▶ **To do**: Reproduce the data, keeping every word exactly as it is.

▶ **Data**:
--------

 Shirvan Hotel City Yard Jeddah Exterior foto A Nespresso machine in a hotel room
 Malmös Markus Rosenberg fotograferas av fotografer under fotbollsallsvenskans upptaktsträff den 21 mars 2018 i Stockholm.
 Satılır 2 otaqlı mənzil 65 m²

--------

▶ **Solution to the problem**:
 Shirvan Hotel City Yard Jeddah Exterior foto A Nespresso machine in a hotel room
 Malmös Markus Rosenberg fotograferas av fotografer under fotbollsallsvenskans upptaktsträff den 21 mars 2018 i Stockholm.
 Satılır 2 otaqlı mənzil 65 m²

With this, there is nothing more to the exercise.